IV. EVALUATION METHODOLOGY
The SIMDOM framework is designed to enable execution of multimedia applications on heterogeneous compute architectures. A prototype system is developed and deployed on a high-end OpenStack cloud server and an edge server to evaluate the SIMDOM framework. A local network server located in close proximity of the smartphone device within the same LAN constituted as the edge server. A remote server located far from the smartphone device within another network acted as the high-end cloud server. Multiple application benchmarks based on SIMD instructions were formulated to analyze the performance of SIMDOM. In the subsections below, we focus on the details of the experimental setup. The details encompass the devices and application benchmarks utilized in the experiments.
A. DEVICES
We utilized multiple communicate and compute scenarios to test our framework rigorously in mobile cloud and edge environments. The specification of the devices and their computational resources is provided in Table 4 .
The mobile device is equipped with a Li-Ion 1650mAh removable battery. We incorporated Wi-Fi network based communications in our framework evaluation. The smartphone device that offloads data and computations to the servers is equipped with Wi-Fi 802.11 a/b/g/n communication interface. The local and remote servers are equipped with wired Ethernet interfaces with maximum achievable speeds of 100Mbps.
B. APPLICATION BENCHMARKS
We utilized four application benchmarks for our experimental evaluation. Several constraints restricted the selection of application benchmarks for our framework evaluation. These contraints were (a) presence of SIMD intrinsic functions in application benchmarks, (b) preference for opensource benchmarks for cross-validation of our results, and (c) execution of benchmark on Qemu for comparison. We utilized a set of multimedia benchmarks comprising of four applications, namely, Mathlib, Speed, Linpack, and FFT in the experiments. We utilized two versions of each benchmark; (a) a simple version based on scalar instructions compiled without compiler optimizations and (b) a SIMD version that replaces scalar instructions in the original version with SIMD intrinsics. Moreover, the SIMD version of benchmarks is compiled with optimizing and auto-vectoring option.
V. RESULTS AND DISCUSSION
This section presents the empirical analysis of the SIMDOM framework. The SIMDOM framework enables execution of SIMD based applications in heterogeneous compute architectures. An application offloaded from mobile device is recompiled, translated, and executed on cloud server while the mobile device waits in low-power state. The empirical analysis is conducted to determine the optimal application execution parameter in both local and remote scenarios. The five subsections below find answers to the following five research questions through empirical analysis.

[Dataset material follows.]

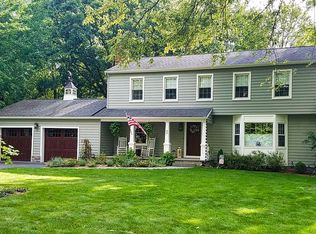 4 Barbara St, Oak Ridge, NJ 07438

• How much the vector applications are efficient over their scalar counterparts and how efficient are current native code translation frameworks?

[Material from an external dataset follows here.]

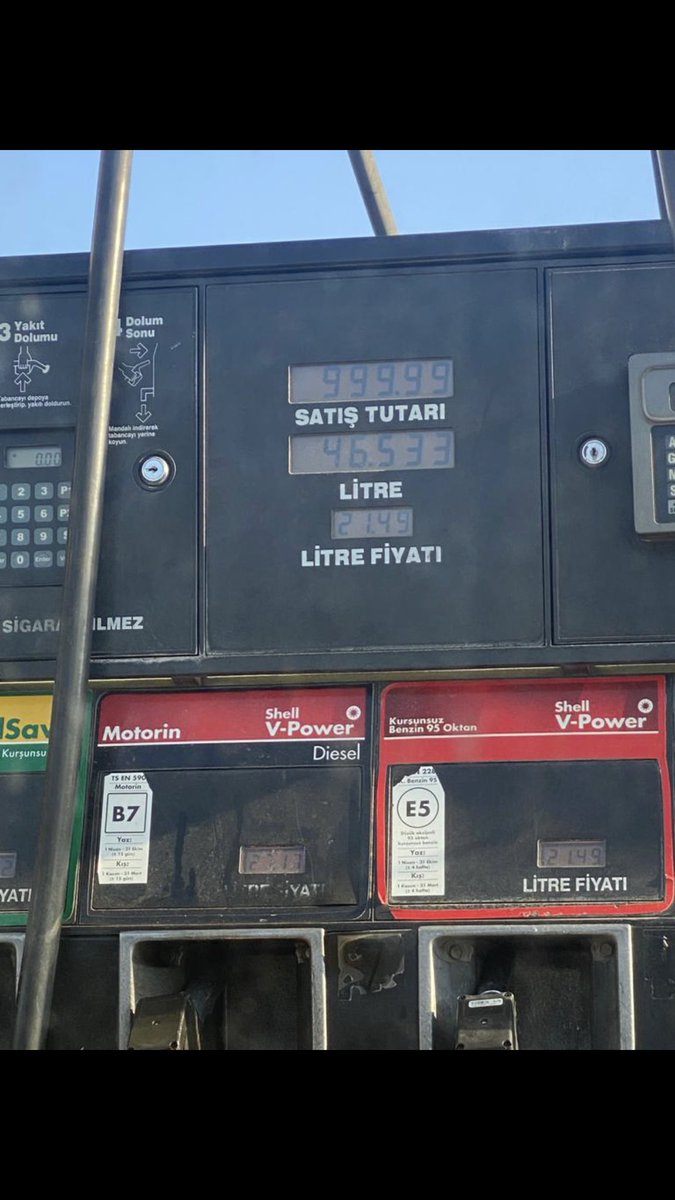 bu cuma bim de 46lt benzin 999.99kuruş…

• Which compiler (GCC or LLVM) provides better code vectorization for ARM and x86 architectures?
• Which compiler has higher code vectorization and translation overhead?
• What is the overhead of application profiling before the offload decision?

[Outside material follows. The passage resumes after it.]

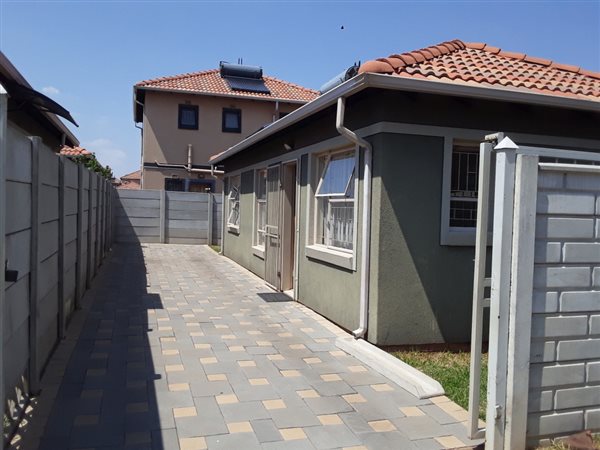 2 Bed House in Leopards Rest Security Estate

• What is the impact of benchmark computation size on the efficiency of SIMDOM framework in mobile edge and cloud scenarios?
A. SIMD OPTIMIZATIONS
In this section, we present the case of SIMD instruction optimization in heterogeneous MCC architectures by revealing the overhead of SIMD instruction translation in Qemu. We utilize SIMD centric FFT and scientific computation centric Mathlib benchmarks to implicate the application optimizations of SIMD based benchmarks. This subsection has two objectives towards its findings. Firstly, to assert the performance gain obtained using SIMD instructions, we execute the vectorized multimedia benchmarks. The performance enhancement in the case of SIMD instructions has a theoretical upper-bound equal to the depth of the SIMD vector. However, such theoretical bounds are impossible to achieve due to dependencies in instruction cycles leading to in or outof-order execution of the instructions. The second objective of the findings presented in this section is to evaluate the overhead of DBT for native code offloading of multimedia benchmarks. Our assumption is that the current implementation of SIMD instructions in the ARM emulators is not efficient and has high overhead. Hence, when a SIMD based application is offloaded to the cloud server, the crossplatform execution leads to higher instruction count and lower performance due to non-optimal translations. We compare and execute the benchmarks on the physical ARM based mobile device (Samsung Galaxy S2) and emulated ARM board (OMAP3 emulated in Qemu on Optiplex755 server). GCC compiler was utilized in compilation of the application benchmarks utilized in below subsections.
1) MATHLIB
We executed the Mathlib benchmark on the physical and emulated devices. The physical device represents the normal execution of the application benchmark while the emulated device represents the ARM to x86 translations. The result VOLUME 5, 2017 of the Mathlib execution time and SIMD instruction is listed in table 5.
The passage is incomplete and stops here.